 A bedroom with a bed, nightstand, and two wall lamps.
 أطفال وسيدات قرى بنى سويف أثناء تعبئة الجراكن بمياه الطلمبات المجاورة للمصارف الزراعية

§

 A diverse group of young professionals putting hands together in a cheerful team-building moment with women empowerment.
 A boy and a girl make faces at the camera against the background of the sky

§

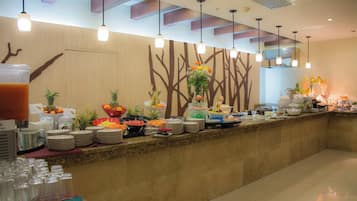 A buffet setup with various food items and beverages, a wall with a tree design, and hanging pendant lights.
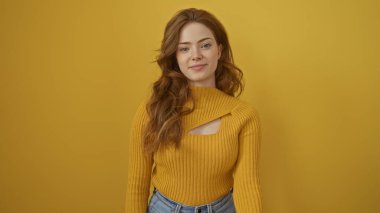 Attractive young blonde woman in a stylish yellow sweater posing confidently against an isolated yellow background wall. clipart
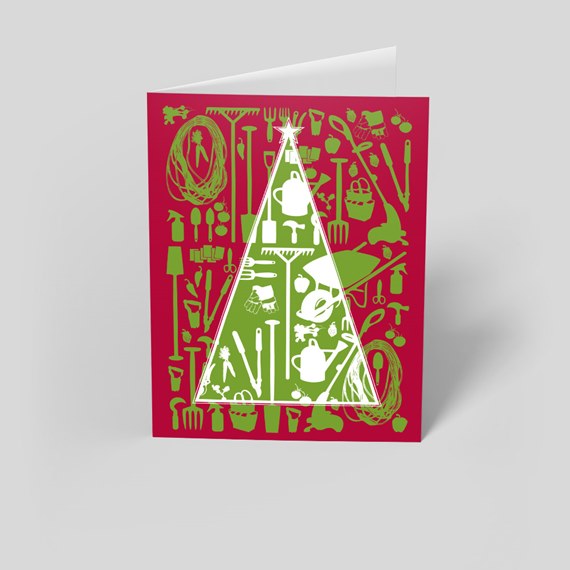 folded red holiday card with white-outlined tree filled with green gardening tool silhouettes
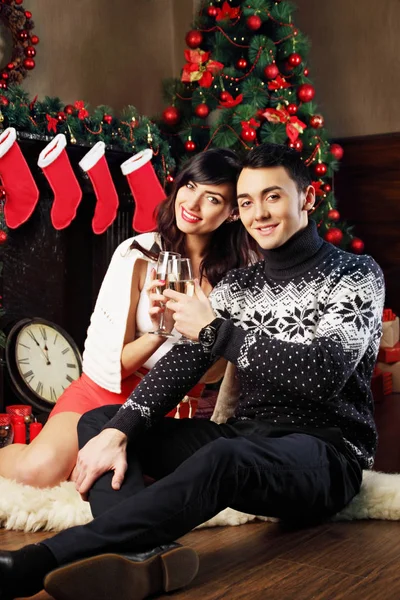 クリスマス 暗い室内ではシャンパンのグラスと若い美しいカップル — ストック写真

§

__The task__
Using the listing above, restate exactly the range between the lines holding "A buffet setup" and "クリスマス 暗い室内ではシャンパンのグラスと若い美しいカップル — ストック写真", inclusive, with pictures left out.

__Response__
 A buffet setup with various food items and beverages, a wall with a tree design, and hanging pendant lights.
 Attractive young blonde woman in a stylish yellow sweater posing confidently against an isolated yellow background wall. clipart
 folded red holiday card with white-outlined tree filled with green gardening tool silhouettes
 クリスマス 暗い室内ではシャンパンのグラスと若い美しいカップル — ストック写真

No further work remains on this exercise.